Every time I deliver a talk on building/shipping mobile apps or the mobile app ecosystem, I find that one of the most popular topics is an iPhone versus Android comparison and so this seems like a good topic for a blog post.
Bias ? The app-store is a fairly polarizing topic and so I’m going to start by describing my experience with different platforms/companies. If any readers perceive a bias, it might be interesting for them to see how my experience might have contributed to the perceived bias.
We have shipped two #1 ranked iPhone apps and my primary phone is an iPhone. I wrote an Android app long before the first Android phone was launched and replaced my secondary phone with an Android G1 in 2008. I was a Principal at Microsoft for several years and some of those years were in the Windows Live Mobile team where (among other things) I led a great team and received Microsoft Gold Star awards.
Smartphone Market Share: As per Gartner Research’s Q1 2010 numbers, Symbian had 44.3% of global smartphone sales, RIM had 19.4% and the iPhone was 3rd with 15.4%. However, the iPhone pioneered today’s modern smartphone design (which Google, Microsoft,RIM etc. are attempting to emulate).
It was the launch of the iPhone and its app-store that led to a tipping point in the mobile app ecosystem and today, its strongest challenger is Google’s Android. Symbian, Windows Mobile and (Blackberry) RIM have been losing market share among consumers and they also haven’t generated a lot of new developer interest. However, I should add that Symbian is more popular outside the US, than it is in the US.
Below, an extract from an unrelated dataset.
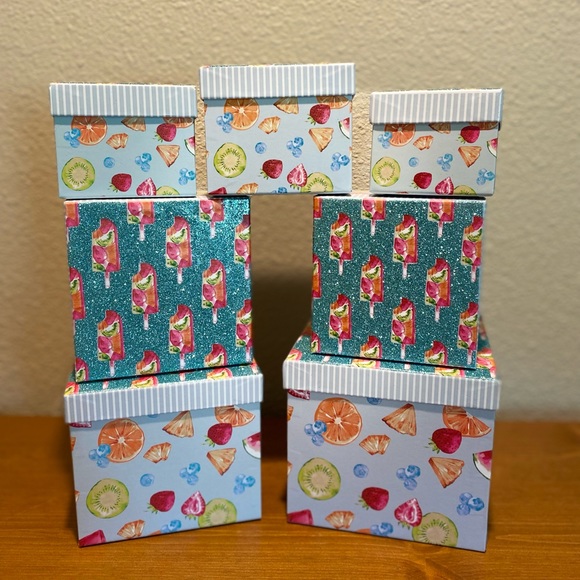 Popsicles & Fruit Themed Decorative Storage Nesting Boxes Set Of 7, Glitter Lids - Picture 3 of 16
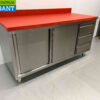 RVS HCB Polyethylene PE Werkkast Kast Snijtafel 2 schuifdeuren 3 laden 160 cm Horeca Slagerij - Afbeelding 3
The first Symbian touchscreen device (Symbian 3) is expected to be released in October 2010 and it is also rumored (in a not-so-great 2009 movie) that James T Kirk used a Symbian (Nokia) touchscreen device. Microsoft’s new touchscreen-based Windows Phone 7 platform is also expected to launch in October 2010. Yesterday, a news report indicated that RIM may release a new touchscreen Blackberry device before October,2010. So the iPhone and Android may face more competition next year.
Language and ramp-up time: iPhone (iOS) app development requires Objective-C expertise. For most developers, learning the iOS platform (with Objective-C) is likely to be a lot more challenging than learning the Android, Windows Phone 7 or Blackberry platforms.
Developers for Android and developers for the Blackberry platform use the Java programming language, and developers for Windows Phone 7 will use the C# programming language with Silverlight and XNA.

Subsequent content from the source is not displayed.